■ Instructions for the task ■
Work through the listing below and give again exactly the lines from the one with "Set of 2 Minimalist" to the one with "Bellerose Kids Geometric", both ends included. All other lines and all pictures stay out.
** Data extract follows **
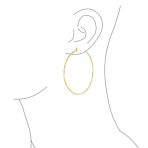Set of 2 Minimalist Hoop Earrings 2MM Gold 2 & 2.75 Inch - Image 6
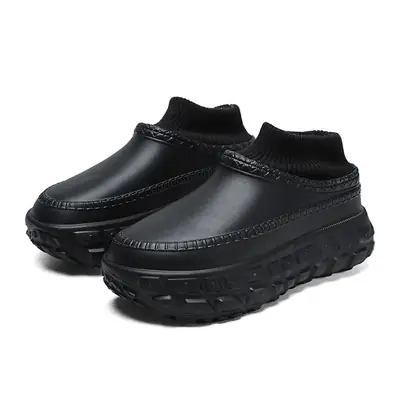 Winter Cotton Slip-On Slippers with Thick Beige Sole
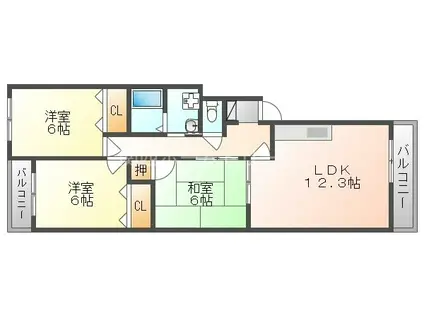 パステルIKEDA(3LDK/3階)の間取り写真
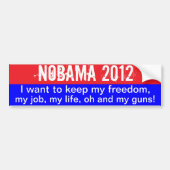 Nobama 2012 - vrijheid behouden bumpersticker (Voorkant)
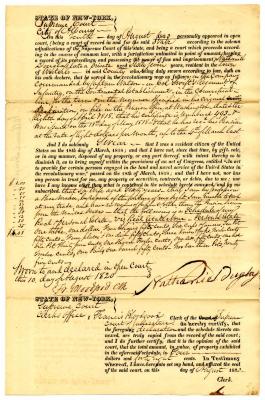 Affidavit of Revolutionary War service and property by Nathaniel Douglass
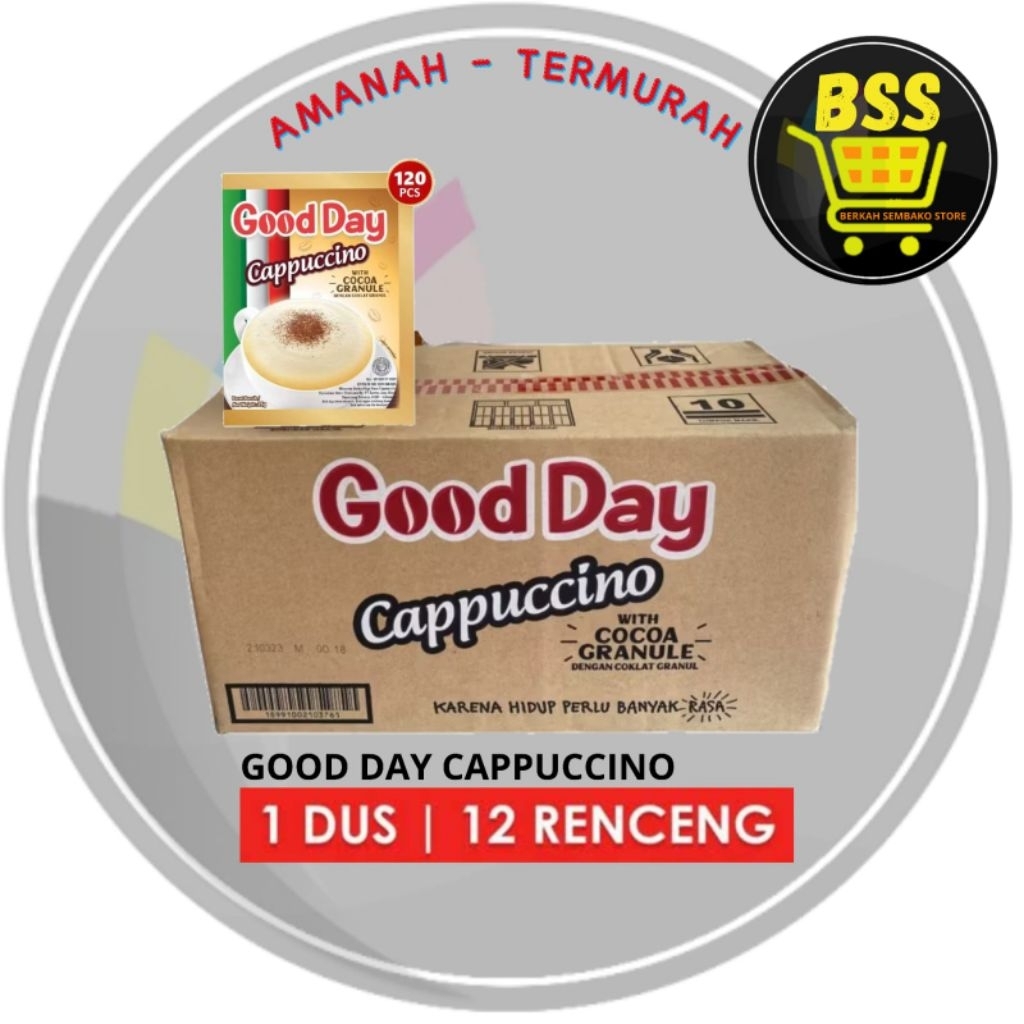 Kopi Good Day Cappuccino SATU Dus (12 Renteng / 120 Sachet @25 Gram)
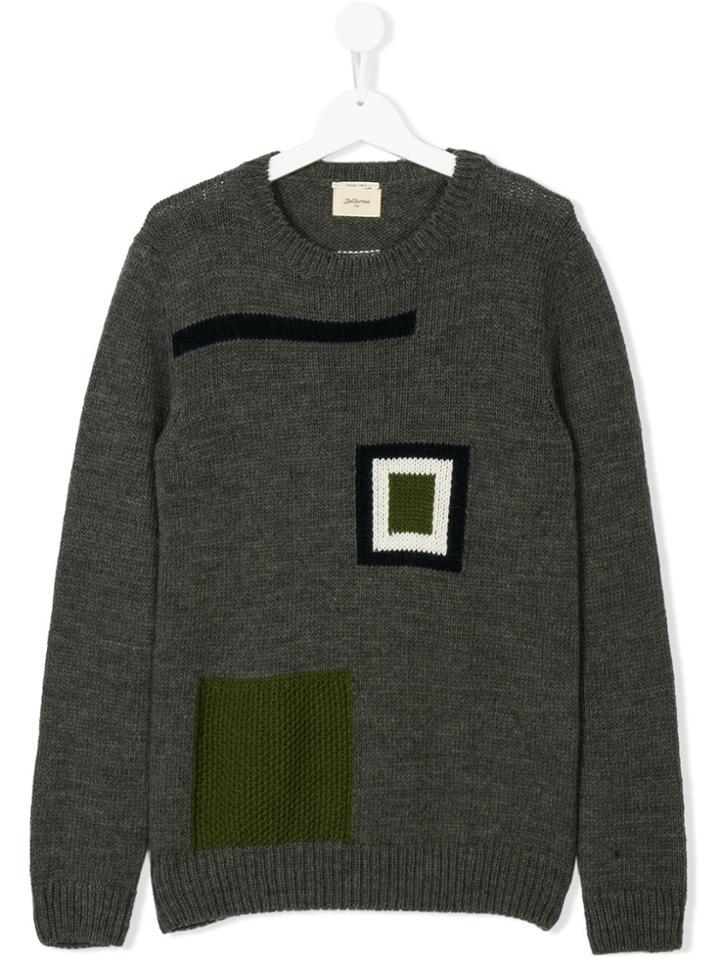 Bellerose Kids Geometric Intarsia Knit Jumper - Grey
** End of Data extract **
** Data extract follows **
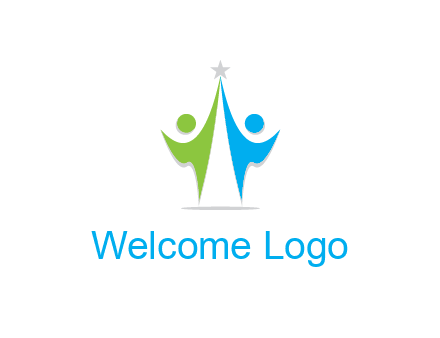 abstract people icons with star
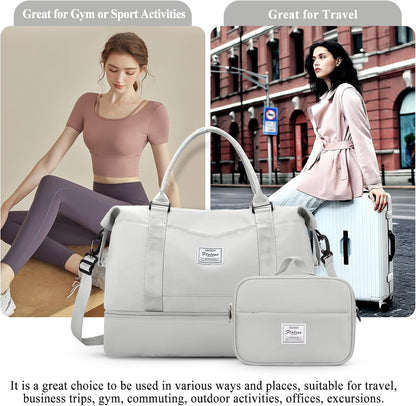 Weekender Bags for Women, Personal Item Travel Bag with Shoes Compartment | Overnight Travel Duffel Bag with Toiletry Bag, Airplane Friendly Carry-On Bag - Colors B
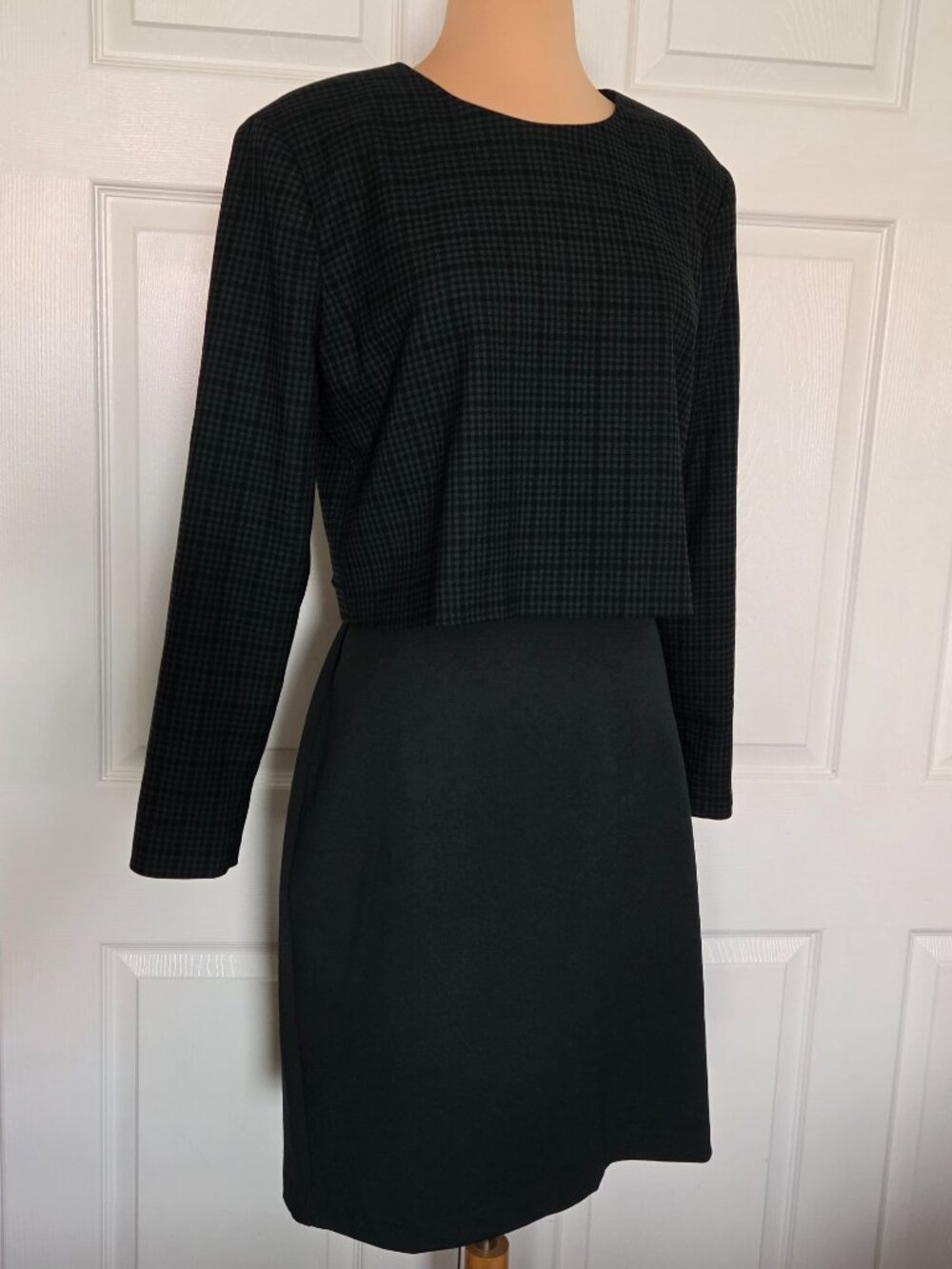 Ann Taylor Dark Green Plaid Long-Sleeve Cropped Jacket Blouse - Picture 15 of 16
** End of Data extract **
■ Result of this task ■
Set of 2 Minimalist Hoop Earrings 2MM Gold 2 & 2.75 Inch - Image 6
 Winter Cotton Slip-On Slippers with Thick Beige Sole
 パステルIKEDA(3LDK/3階)の間取り写真
 Nobama 2012 - vrijheid behouden bumpersticker (Voorkant)
 Affidavit of Revolutionary War service and property by Nathaniel Douglass
 Kopi Good Day Cappuccino SATU Dus (12 Renteng / 120 Sachet @25 Gram)
 Bellerose Kids Geometric Intarsia Knit Jumper - Grey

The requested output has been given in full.